In this case, the erroneous naming of INA as plaintiff did not mislead Ealey or place her at a disadvantage, since it was clear from the petition and the prior proceedings that Pacific was the only carrier who could appeal, and was appealing, the Board’s decision. We therefore hold that the filing of the original petition tolled the running of the limitation period against Pacific’s appeal.

The judgment of the court of appeals is affirmed.

ON MOTION FOR REHEARING

RAY, Justice, concurring.

I concur with the reasoning and result reached by the majority and agree that the motion for rehearing should be overruled. Nevertheless, it is worth pointing out that the majority’s opinion is not incompatible with the Court’s holding in 505 S.W.2d 799 (Tex.1974), and therefore, I do not believe that Commercial Standard has in any way been overruled.

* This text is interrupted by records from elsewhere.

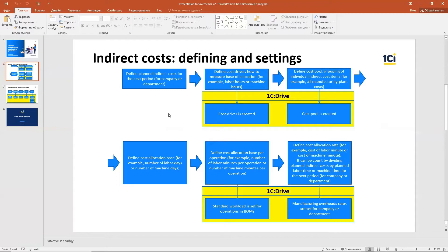When we are done with that, we go to the next step and have to define a cost driver. A cost driver is a way to measure the base of allocation — for example, labor hours or machine hours. It is how we will allocate our costs to finished products that we produce during the period.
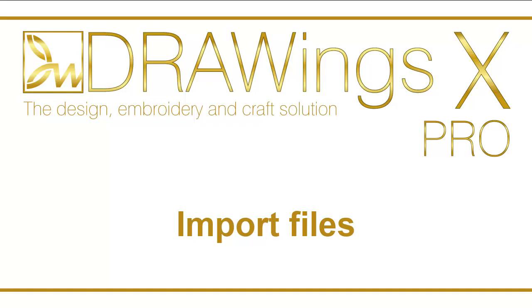In this video we will show you how to import artwork or embroidery into an existing design and how you can combine multiple artwork sources.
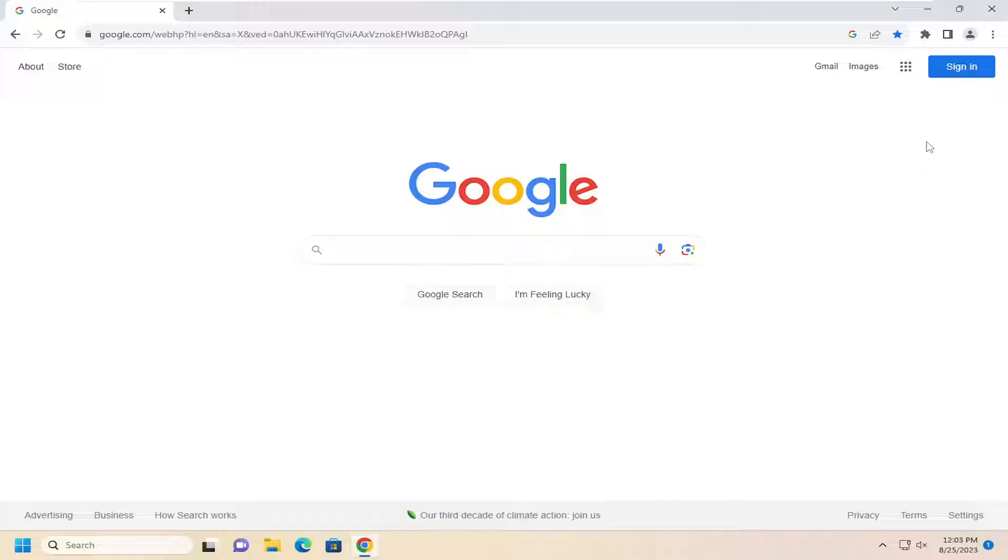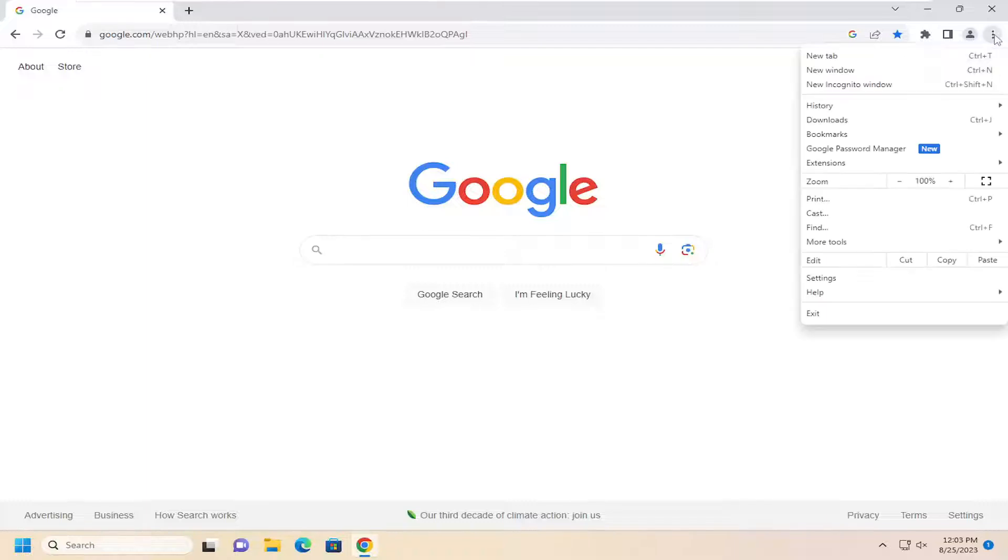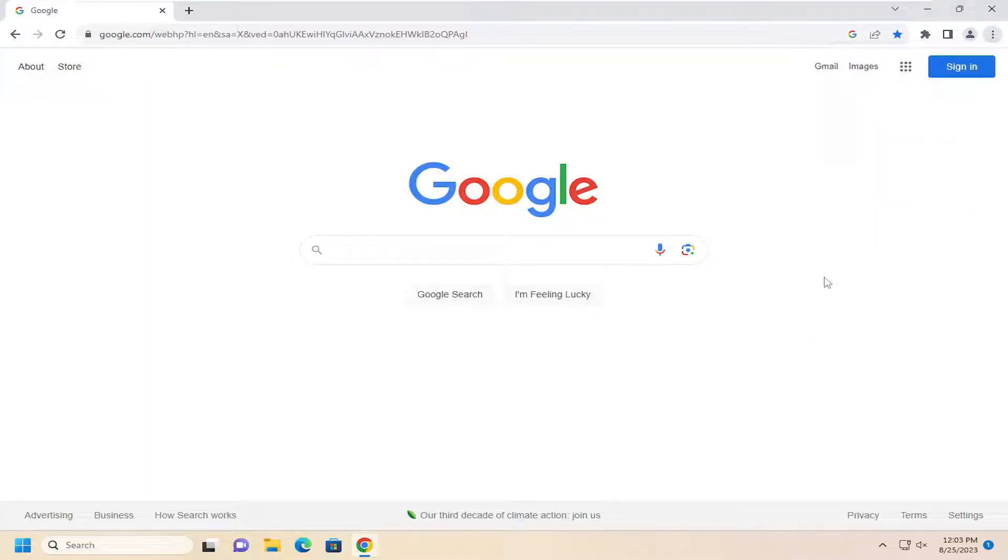So all you can do is select the three-dotted icon up at the top right corner of the browser window to open up this menu here and go down and select settings.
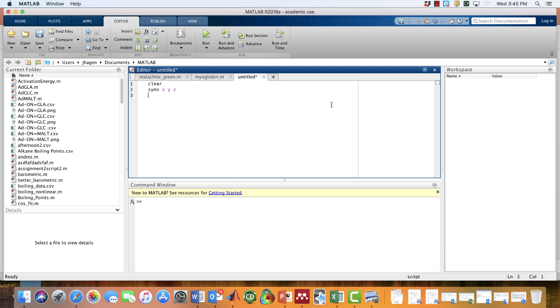Now let's give it a mathematical relationship to work with. Let's suppose that z is a function of x and y, and we'll just make something up here. We'll have x cubed, and we'll multiply that times y squared. Actually, maybe we'll add them together instead. Let's do that.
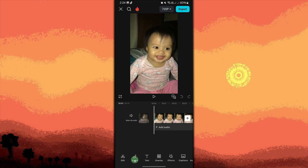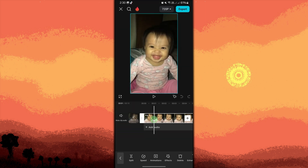Move the playhead — the white line — to the point where you want the volume to start increasing, typically at the beginning of the clip. Then tap the diamond-shaped keyframe icon to create the first keyframe.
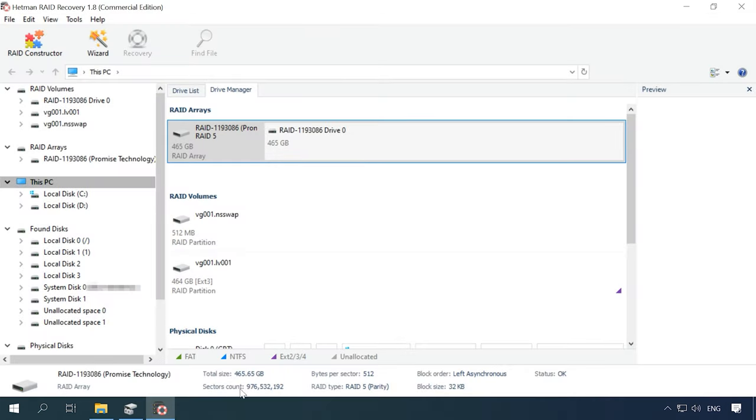On the other hand, Hetman RAID Recovery will identify the disks automatically, read their service information, and rebuild the damaged RAID system. Now the program has identified the RAID volume and shows it at the top of the Drive Manager window. One big volume here, and all of its partitions below.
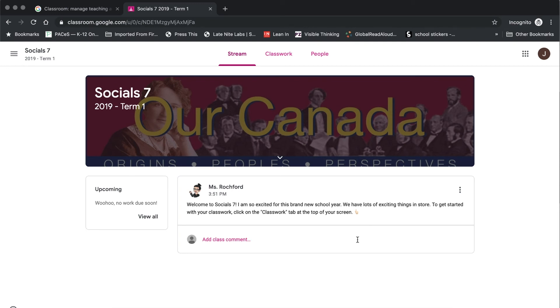In other classes you might see a combination of announcements as well as various assignments that have been posted, comments by classmates, and things of that nature. So there are a number of different things that are possible to see. If you are part of my classes, what you will be limited to on the class stream page are the announcements for that class.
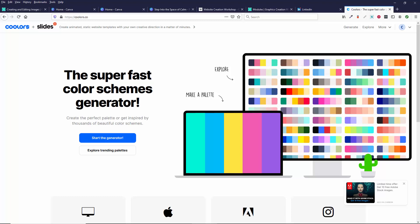So what I want to demonstrate now is this website called Coolors.co, C-O-O-L-O-R-S dot C-O. And what it is, it's a way to find color schemes.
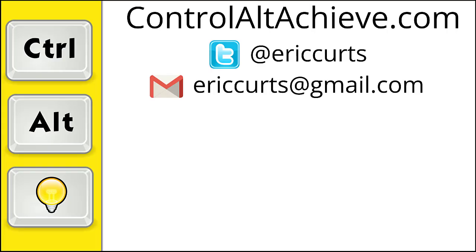And for all the rest of my educational technology resources, be sure to visit my site at ControlAltAchieve.com and to follow me on Twitter and subscribe to this YouTube channel and check out my book, Control-Alt-Achieve, Rebooting Your Classroom with Creative Google Projects. All of the links are in the description below. Thanks so much, and take care.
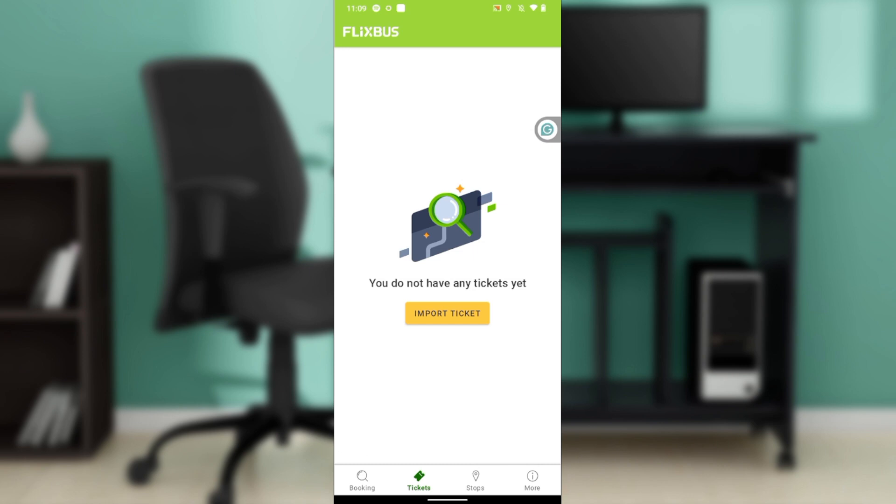These include reserve and change seat, add baggage, change departure date and time, cancel trip, and edit and remove passengers. From there you can make your edits. You can either change or reserve your seats, add baggage by clicking on add baggage, or upgrade to something else.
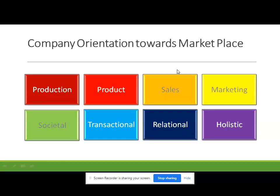Hello, good morning class. Today we will see company's orientation toward marketplace and there are total eight orientations in your syllabus. The first orientation is production orientation, followed by product orientation, sales orientation, marketing orientation, societal, transactional, relational, and holistic orientation towards marketplace.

In Commercial Standard, a worker’s compensation claimant filed an appeal against two insurance carriers, one of which had been a party to the proceedings before the Industrial Accident Board and one of which had not. The court of appeals held simply that the trial court had no jurisdiction over the insurance carrier that had not been a party before the Industrial Accident Board and had had no award made against it in favor of the claimant. The decision in Commercial Standard was obviously compelled by elementary principles and had nothing to do with limitations or considerations of fair notice.

The case at bar is factually quite different, however, and has much to do with limitations and fair notice, concepts that simply were not relevant to the resolution of Commercial Standard. The holding in the present case is that the purposes of article 8307, section 5, TEX.REV.CIV.STAT.ANN., are fulfilled when a party’s appeal of an Industrial Accident Board decision is timely filed and gives fair notice of that appeal to the opposing party. As long as no one is misled or placed at a disadvantage, there is no practical or logical reason why the appealing party cannot go forward with his appeal. There is certainly nothing incompatible or inconsistent between that principle and the holding in Commercial Standard.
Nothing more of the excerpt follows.